Das Pflanzenschutzmittel Atrazin ist in den USA weit verbreitet: Es wird auf 70 Prozent der Maisfelder gespritzt. In der Europäischen Union ist es verboten. Das Pestizid wird von der Schweizer Firma Syngenta hergestellt. Es zeigt, wie gross die Kluft zwischen den USA und Europa ist, wenn es um die Zulassung chemischer Substanzen geht.
Steve Suppan von der Nichtregierungsorganisation Institute for Agriculture and Trade Policy erklärt: «In Europa lässt das Vorsorgeprinzip zu, dass eine chemische Substanz im Zweifelsfall als zu gefährlich eingestuft und verboten wird.» In den USA wird sie hingegen im Zweifelsfall zugelassen – versehen mit einer Maximaldosis, bis zu der die Gefahr als akzeptabel gilt.
Der US-Ansatz ist realistischer, denn er zieht in Betracht, welche Menge der Substanz effektiv in der Umwelt sein wird.
Dieser bürokratisch anmutende Unterschied kostet die US-Agrarindustrie einen Haufen Geld: Neben Atrazin gibt es eine Liste von rund 80 weiteren Substanzen, die das hormonelle System verändern können und in der EU verboten sind. Landwirtschaftserzeugnisse, die Spuren dieser Substanzen enthalten, dürfen nicht in den EU-Raum exportiert werden.
Die Agrarlobbyorganisation Croplife America schätzt die Einbussen auf vier Milliarden Dollar jährlich, was rund 40 Prozent des transatlantischen Handels mit Agrargütern entspricht. Croplife America setzt sich dafür ein, dass sich die EU bei einem Freihandelsvertrag an das US-amerikanische System anpasst, wie sie in einem Strategiepapier gemeinsam mit dem europäischen Agrarlobbyverband darlegt.

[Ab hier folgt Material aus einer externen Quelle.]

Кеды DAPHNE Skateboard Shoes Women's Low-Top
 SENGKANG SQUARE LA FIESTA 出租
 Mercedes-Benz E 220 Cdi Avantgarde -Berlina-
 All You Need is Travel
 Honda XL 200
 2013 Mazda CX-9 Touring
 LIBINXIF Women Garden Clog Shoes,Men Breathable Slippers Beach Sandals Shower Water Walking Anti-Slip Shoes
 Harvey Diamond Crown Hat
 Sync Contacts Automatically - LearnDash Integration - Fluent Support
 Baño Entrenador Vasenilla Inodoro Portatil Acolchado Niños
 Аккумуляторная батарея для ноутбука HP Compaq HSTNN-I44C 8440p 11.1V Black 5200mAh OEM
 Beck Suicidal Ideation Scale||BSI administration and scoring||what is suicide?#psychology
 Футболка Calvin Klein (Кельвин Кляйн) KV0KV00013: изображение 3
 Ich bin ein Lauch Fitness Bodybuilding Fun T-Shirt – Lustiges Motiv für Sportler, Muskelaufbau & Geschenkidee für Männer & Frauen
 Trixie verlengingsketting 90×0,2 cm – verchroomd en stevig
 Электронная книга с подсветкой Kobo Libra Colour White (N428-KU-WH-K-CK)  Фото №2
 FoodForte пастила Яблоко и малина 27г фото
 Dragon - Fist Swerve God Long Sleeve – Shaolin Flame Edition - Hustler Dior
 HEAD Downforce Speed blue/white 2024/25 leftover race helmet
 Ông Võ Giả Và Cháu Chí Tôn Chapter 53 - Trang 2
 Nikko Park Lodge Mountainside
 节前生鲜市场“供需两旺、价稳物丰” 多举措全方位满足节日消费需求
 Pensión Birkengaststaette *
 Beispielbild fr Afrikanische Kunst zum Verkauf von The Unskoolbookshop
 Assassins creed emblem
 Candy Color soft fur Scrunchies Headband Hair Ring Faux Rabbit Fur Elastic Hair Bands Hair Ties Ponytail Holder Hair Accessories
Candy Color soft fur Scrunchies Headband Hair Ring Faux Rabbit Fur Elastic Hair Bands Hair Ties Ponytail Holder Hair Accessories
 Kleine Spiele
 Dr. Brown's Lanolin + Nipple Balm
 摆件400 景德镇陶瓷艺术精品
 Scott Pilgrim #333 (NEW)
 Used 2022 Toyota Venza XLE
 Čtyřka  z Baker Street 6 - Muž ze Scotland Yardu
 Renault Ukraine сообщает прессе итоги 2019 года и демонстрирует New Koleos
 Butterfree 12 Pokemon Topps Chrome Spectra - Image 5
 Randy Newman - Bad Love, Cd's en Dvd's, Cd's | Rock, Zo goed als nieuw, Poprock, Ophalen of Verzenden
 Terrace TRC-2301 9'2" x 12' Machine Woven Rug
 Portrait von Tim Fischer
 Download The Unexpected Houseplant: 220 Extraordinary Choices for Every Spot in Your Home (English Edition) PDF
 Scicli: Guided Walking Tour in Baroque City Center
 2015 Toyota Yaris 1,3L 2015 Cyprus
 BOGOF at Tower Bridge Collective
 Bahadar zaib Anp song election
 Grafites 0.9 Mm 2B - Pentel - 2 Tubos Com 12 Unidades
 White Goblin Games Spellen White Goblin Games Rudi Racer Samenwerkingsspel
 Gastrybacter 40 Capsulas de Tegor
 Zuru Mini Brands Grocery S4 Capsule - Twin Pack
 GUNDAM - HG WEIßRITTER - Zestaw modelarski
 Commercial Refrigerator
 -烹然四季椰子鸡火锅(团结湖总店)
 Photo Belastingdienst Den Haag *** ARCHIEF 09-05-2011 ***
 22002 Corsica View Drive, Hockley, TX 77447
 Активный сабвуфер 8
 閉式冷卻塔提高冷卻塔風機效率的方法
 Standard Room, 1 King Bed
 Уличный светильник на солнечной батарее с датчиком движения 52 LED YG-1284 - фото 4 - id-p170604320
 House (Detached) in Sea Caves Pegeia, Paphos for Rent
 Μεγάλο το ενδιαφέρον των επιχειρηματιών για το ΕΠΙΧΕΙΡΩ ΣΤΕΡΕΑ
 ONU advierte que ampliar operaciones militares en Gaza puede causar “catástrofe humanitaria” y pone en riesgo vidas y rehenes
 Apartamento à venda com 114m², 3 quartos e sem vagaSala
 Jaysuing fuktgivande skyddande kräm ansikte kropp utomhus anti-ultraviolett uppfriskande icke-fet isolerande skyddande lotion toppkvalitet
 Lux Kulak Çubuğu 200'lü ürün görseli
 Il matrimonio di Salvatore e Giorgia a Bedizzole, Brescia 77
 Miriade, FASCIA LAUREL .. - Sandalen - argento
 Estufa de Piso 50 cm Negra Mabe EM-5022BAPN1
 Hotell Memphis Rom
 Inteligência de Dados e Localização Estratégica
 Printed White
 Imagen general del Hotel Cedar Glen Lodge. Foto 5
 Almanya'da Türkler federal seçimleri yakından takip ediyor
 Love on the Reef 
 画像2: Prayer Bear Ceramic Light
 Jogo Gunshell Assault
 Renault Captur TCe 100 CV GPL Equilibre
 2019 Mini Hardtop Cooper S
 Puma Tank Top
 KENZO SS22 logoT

Collins von Croplife America sagt: «Der US-Ansatz ist realistischer, denn er zieht in Betracht, welche Menge der Substanz effektiv in der Umwelt sein wird. Anstatt von den potenziellen Schäden einer hundertprozentigen Dosis auszugehen.»
Atrazin wirkt sich auf die Fruchtbarkeit aus und führt zu Geburtsdefekten.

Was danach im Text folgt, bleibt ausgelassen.